Tuesday, March 18, 2014

Mining the Past...

We drove a wide loop through Old Mesilla, Las Cruces, and Hatch ("World's Chile Capital") to arrive eventually and impulsively at Lake Valley, a silver mining town in the 1880s that is now a ghost town on BLM-managed land. It is located on NM 27, 13 miles North from the one-house hamlet of Nutt on NM 26, also known locally as "Hatch Highway."

Boom to bust and now dust...
We turned off on a dusty exit just as the range land ends and the hills begin. From Deming directly the ghost town is a drive of about 35 miles. Eleven structures survive in a dilapidated state from the town's heyday beginning around 1883 and ending around 1895: a few residences, a school house (that later became a saloon and even later a gas station), a chapel, a general store, a tipple, a depot, a wall, and not much more.

The Bridal Chamber...
Close to 3.5 million ounces of silver were taken from the mine that was the reason for the town. Called the "Bridal Chamber," it was an unusually compact resource of about 9 feet wide by 40 feet long, with the highest concentration of silver per ton of ore around. One tongue-in-cheek source in 1884 said the silver could be melted off the walls with a candle.
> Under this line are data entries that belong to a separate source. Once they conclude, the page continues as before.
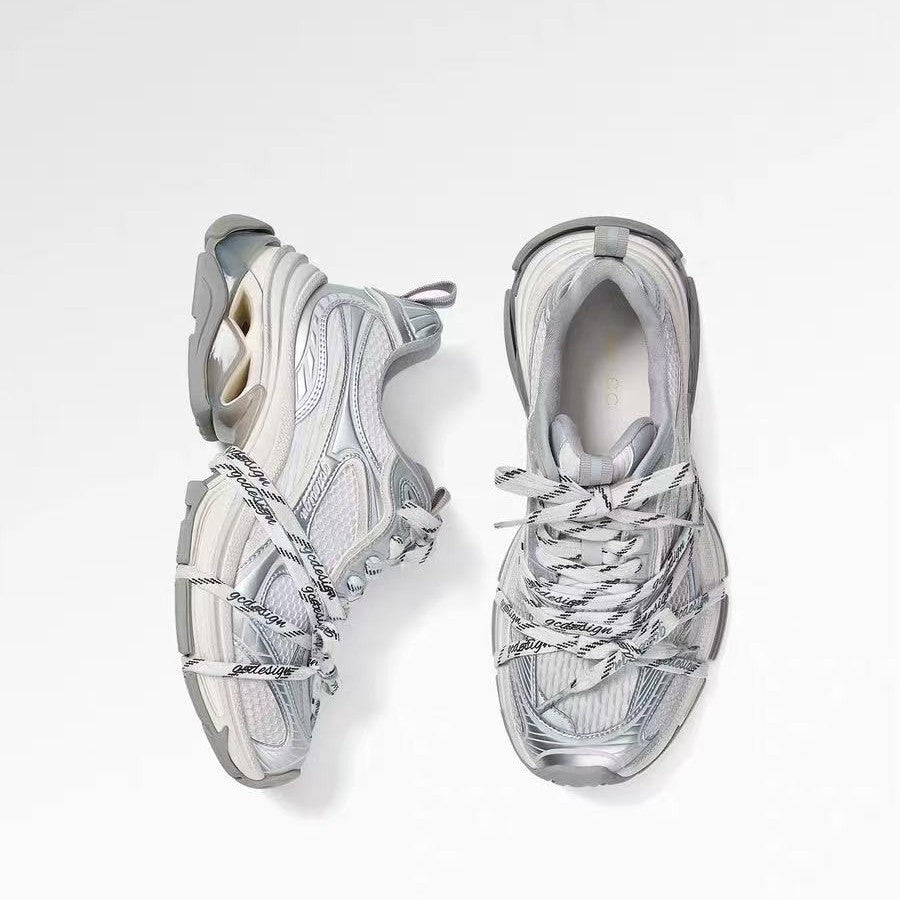 Silver designer dad-style athletic casual shoes in a chunky low-top sneaker design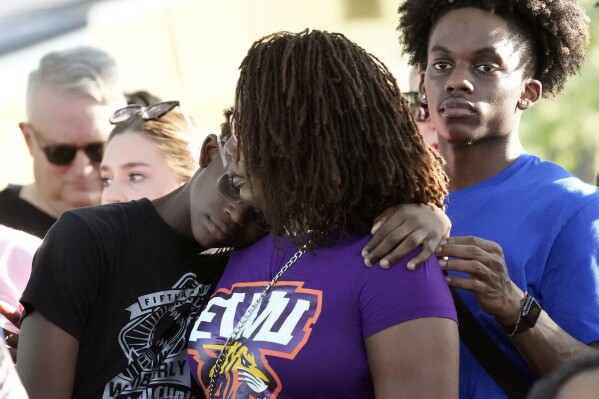 Residents gather at a prayer vigil for the victims of a mass shooting a day earlier, in Jacksonville, Fla., Sunday, Aug. 27, 2023. (AP Photo/John Raoux)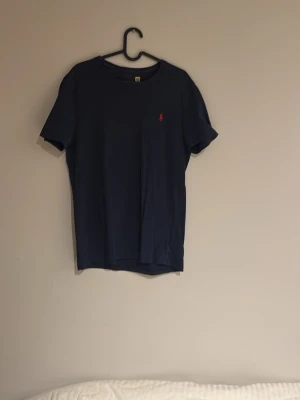 Mörkblå t-shirt från Polo Ralph Lauren - Snygg mörkblå t-shirt från Polo Ralph Lauren med klassisk röd broderad logga på bröstet. T-shirten har rund hals och korta ärmar. Perfekt basplagg med stilren design och mjukt material.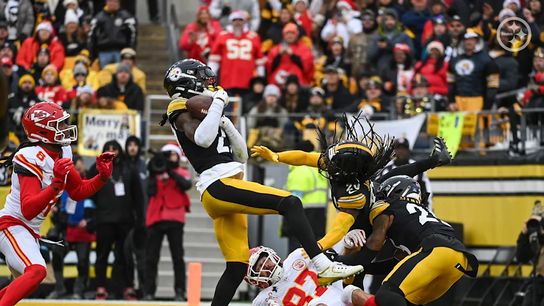 Pittsburgh Steelers' DB Cory Trice Jr. and others during a play against the Kansas City Chiefs on Christmas Day in 2024.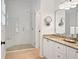 Elegant bathroom featuring a glass-enclosed shower and granite countertop vanity with decorative mirror and lighting at 8675 Hope Vine, Roswell, GA 30076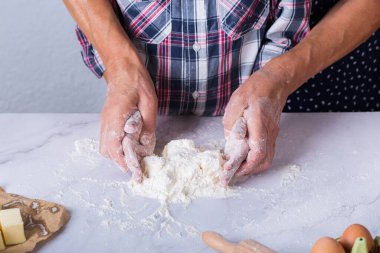 Büyükanne ve küçük çocuğun elleri, torun pişirme, hamur yoğurma, kek, kurabiye. Sıcak mutfakta ailece vakit geçireceğiz. Evde etkinlik.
Poet Walt Whitman was an investor in the mine with 200 shares. The mine owner, Whitaker Wright, continued selling shares long after the mine had stopped producing silver, and along with others who had been duped, Whitman lost his shirt. Wright, when arrested and brought to trial in England, dramatically swallowed cyanide in the courtroom rather than go to prison.

Cool, huh?
Why go to a ghost town? It has to do with the quiet of the place after so much hustle and bustle during its economic boom. To do also, I think, with seeking a past to the present which at times makes no sense. For me personally, it has to do with the sculptural qualities of decay and breakage one finds in ghost towns, and a fascination with anything humans have abandoned and nature has reclaimed.